Когда Зарницина появилась в дверях столовой в сопровождении прилипчивого Руфимовича, она неожиданно увидела Задонова в нескольких шагах от себя и остановилась, точно наткнулась на непреодолимое препятствие.

Алексей стоял у стола боком к ней, тяжело опершись одной рукой о спинку стула, и слушал Давида Гиля, режиссера одного из театров, слушал, чуть наклонив лобастую голову, и непонятно было, интересно ему то, что говорит Гиль, или нет.

Зарницина тут же разглядела и усталость на лице Алексея, и темные круги под глазами, и сердце ее сжалось от жалости к любимому человеку. Она заметила, что он давно не был у парикмахера, хотя его вольно отросшие густые каштановые волосы, слегка вьющиеся на концах, делали его голову еще более монументальной.

Зарницина как остановилась в дверях, так и замерла там, не отрывая взгляда от Задонова, снова забыв обо всем на свете, в том числе и об окружающих ее людях.

Ее отвлек Руфимович:

— Ирэн, вы слыхали, что жена Вернивицкого Анатолия Пантилеймоновича, арестованного месяц назад, отказалась от своего мужа, как от врага народа, разослав об этом заявление во все газеты? Не слыхали?

Зарницина очнулась, посмотрела на артиста непонимающими глазами.

— Простите, Марк, я не расслышала.

— Вы слишком пристально рассматриваете одного человека, — приглушив голос, произнес Руфимович зачем-то гнусаво, при этом вертя двумя пальцами свой толстый нос. — На вас обращают внимание… А он не стоит того, чтобы его так рассматривать. Он не стоит даже одного вашего взгляда, — добавил он с нескрываемой ненавистью, испугавшей Ирэну Яковлевну, и тут же, всхрапнув, продекламировал громко и торжественно-шутовски:

Уже к столу гостей зовут, А гости все стоят и врут…

В разных местах засмеялись и задвигали стульями. Забегал распорядитель, усаживая гостей по каким-то ему одному известным правилам.

Задонов, отвлеченный голосом Руфимовича, скосил в его сторону глаза и… увидел Ирэн. На лице его, медленно сменяясь, отразилась целая гамма противоречивых чувств: удивление, растерянность, досада, радость и снова досада, только непонятно, на кого она была направлена: на режиссера Гиля, на Руфимовича или на нее, Зарницину.

Тогда, слегка отстранив Руфимовича, она подошла к Задонову и, не замечая Гиля, воскликнула вполне беспечно:

— А, товарищ Задонов? Вот не ожидала увидеть вас здесь! — и протянула ему руку. — Говорят, в последнее время вы ужасно зазнались, забываете старых друзей.

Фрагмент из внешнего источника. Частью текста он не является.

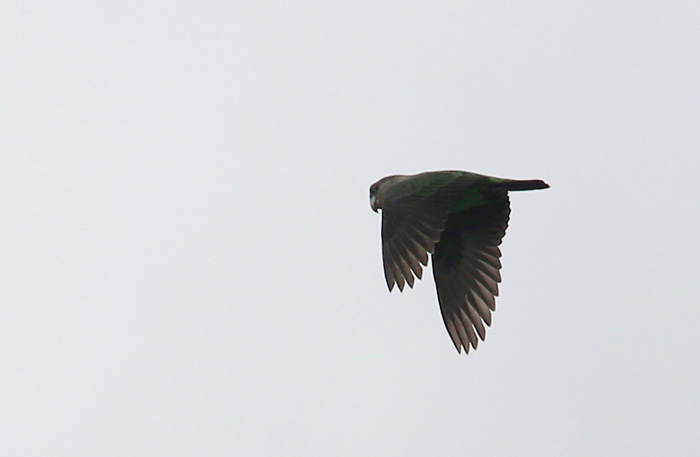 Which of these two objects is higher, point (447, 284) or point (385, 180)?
point (385, 180)

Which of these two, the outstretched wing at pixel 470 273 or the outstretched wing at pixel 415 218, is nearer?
A: the outstretched wing at pixel 415 218

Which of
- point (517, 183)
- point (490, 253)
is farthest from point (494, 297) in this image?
point (517, 183)

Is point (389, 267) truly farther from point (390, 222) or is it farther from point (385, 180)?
point (385, 180)

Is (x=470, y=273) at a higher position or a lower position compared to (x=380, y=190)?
lower

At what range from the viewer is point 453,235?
16.9 meters

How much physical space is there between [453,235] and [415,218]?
186cm

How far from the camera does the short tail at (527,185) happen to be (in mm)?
15461

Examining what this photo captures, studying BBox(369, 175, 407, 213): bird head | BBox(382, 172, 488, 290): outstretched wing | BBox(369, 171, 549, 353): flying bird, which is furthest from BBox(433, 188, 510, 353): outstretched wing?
BBox(382, 172, 488, 290): outstretched wing

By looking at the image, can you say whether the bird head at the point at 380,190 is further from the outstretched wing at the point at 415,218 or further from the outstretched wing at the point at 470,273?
the outstretched wing at the point at 470,273

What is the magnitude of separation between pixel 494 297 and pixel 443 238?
0.90 meters

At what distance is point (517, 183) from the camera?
51.1 feet

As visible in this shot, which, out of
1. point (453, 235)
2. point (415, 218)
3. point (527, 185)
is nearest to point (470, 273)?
point (453, 235)

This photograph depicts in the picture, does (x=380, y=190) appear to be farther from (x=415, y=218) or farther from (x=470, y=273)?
(x=470, y=273)

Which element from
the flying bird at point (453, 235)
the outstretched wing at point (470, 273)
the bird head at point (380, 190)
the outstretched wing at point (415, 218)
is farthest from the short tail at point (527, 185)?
the bird head at point (380, 190) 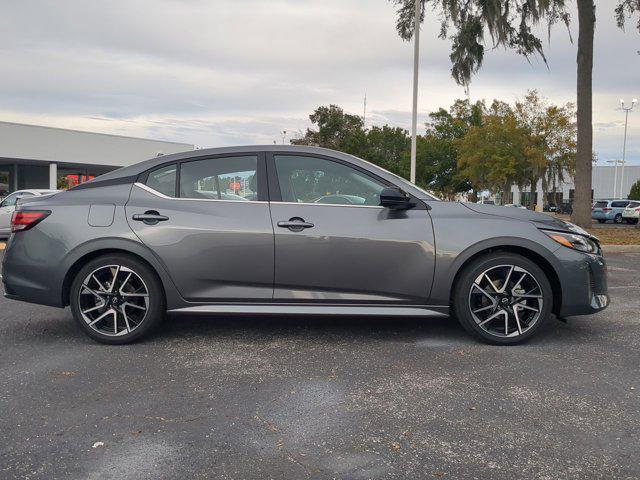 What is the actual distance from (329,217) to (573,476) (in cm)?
254

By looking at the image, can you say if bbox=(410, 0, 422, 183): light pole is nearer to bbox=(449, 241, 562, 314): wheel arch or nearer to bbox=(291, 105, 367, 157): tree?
bbox=(449, 241, 562, 314): wheel arch

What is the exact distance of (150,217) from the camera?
447cm

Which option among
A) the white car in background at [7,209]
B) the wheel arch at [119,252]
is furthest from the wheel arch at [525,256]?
the white car in background at [7,209]

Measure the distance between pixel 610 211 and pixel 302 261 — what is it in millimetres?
36683

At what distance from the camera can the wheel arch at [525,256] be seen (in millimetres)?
4387

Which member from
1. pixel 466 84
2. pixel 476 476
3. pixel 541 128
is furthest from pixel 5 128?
pixel 476 476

Гиль, поморгав подслеповатыми глазами, отошел в сторону, пообещав продолжить разговор позже.

Задонов слегка пожал протянутую руку и тут же отпустил, неопределенно передернул плечами и растерянно улыбнулся: он всегда терялся, когда на него шли буром, и Зарницина часто этим пользовалась.

Но она тут же сменила тон:

— Я слыхала, что ваша жена приболела… Поверьте, Алексей Петрович, я вам искренне сочувствую.

Произнося сочувственные слова, она знала наверняка, что голос ее и выражение лица не вяжутся с этими словами, но поделать с собой ничего не могла: в ней самой что-то переменилось буквально несколько минут назад, когда она расслышала в себе странные позывы новой жизни, захлестнувшие все ее существо безудержным оптимизмом. Еще слава богу, что Задонов слишком поглощен собой, чтобы обращать внимание на интонацию ее голоса и выражение лица; он и сам, похоже, больше прислушивается к себе, будто и в нем что-то постоянно зарождается, зреет и отмирает.

На них смотрели, к их разговору прислушивались.

— Да-да! — не сразу подтвердил Задонов сказанное и нахмурился. — Позавчера Маше сделали операцию. Оказалось, что опухоль не злокачественная… К счастью, — поспешно добавил он, как бы пресекая всякие попытки придать этому событию какое-то другое значение, и пытливо глянул на Зарницину. — Ну, вот… вроде все обошлось, хотя, конечно, сейчас еще рано говорить определенно… Однако… будем надеяться… Я надеюсь… — И улыбнулся какой-то жалкой, незнакомой улыбкой.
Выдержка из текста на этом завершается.